Raffi: So yeah, it’s interesting because when we were choosing the show, the performances, we were choosing them together. So we were there listening to each other’s ideas of how they are going to approach the theme of pockets. And I don’t know if we did this consciously, or we just did it as a reflex, but we kind of have these different interpretations of the word pocket for each day, but at the same time, the fact that you are working with that same concept is a throughline, is a thread that is holding these beads together. It’s like a bead... What do you call it? Not the chain, but some sort of a beads—bracelet, let’s say. And each day is one bead, and then you have this line going through them that’s connecting them, and that is the concept of the pockets. However, each bead is unique. Maybe it’s a different... If we’re looking at keeping with a bracelet example, maybe each bead is a different color or a different stone even. Yeah, I think it’s a totally different, a gem, but they are connected together with that thread that is the Buffer Fringe Festival and it’s theme for this year, how it beautifully falls in place.

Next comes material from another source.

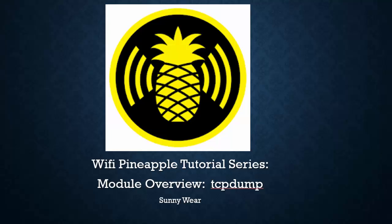This is the video series of the Wi-Fi Pineapple modules. In this session we're going to do an overview of the module TCP dump.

So the different curators for the other days approached this theme differently. They chose their shows differently because of their different approach, and this is giving this festival an amazing diversity, an amazing set of different kinds of shows happening over the period of three days. So yeah, I think this is what makes this specific festival really strong, other than the fact that it is happening in a buffer zone and between two regions that are in conflict.

Nabra: And so speaking of, of course, being in this potential controversial space, this politically contentious atmosphere, have you faced controversy around the festival in the past and how have you addressed that or really articulated your mission when there are so many, I’m sure, different ideas of what should be happening or shouldn’t be happening in this space?

Raffi: So to be honest, my only other experience with the festival was in 2019 when I had the performance in the festival. So I performed in the festival as a performer, and this is my second... collaboration with them, where I’m a curator for a whole day. So I know that in the past in other installments of the festival, of course there have been controversy. I don’t know the details of them. But because in both times that I was there, now and the time I performed, I was very much focused on what I was doing there, and I wasn’t met with that controversy. I didn’t experience it firsthand. But all I know about those controversies is what I know from hearing about them more than actually experiencing them or dealing with them or working with them.

Nabra: I mean, that’s good to hear that as a performer, that was not an experience you had, that it’s not this contentious space for the performers, which is exciting. And also just hearing that you performed in this festival, can you talk just briefly about what your performance was?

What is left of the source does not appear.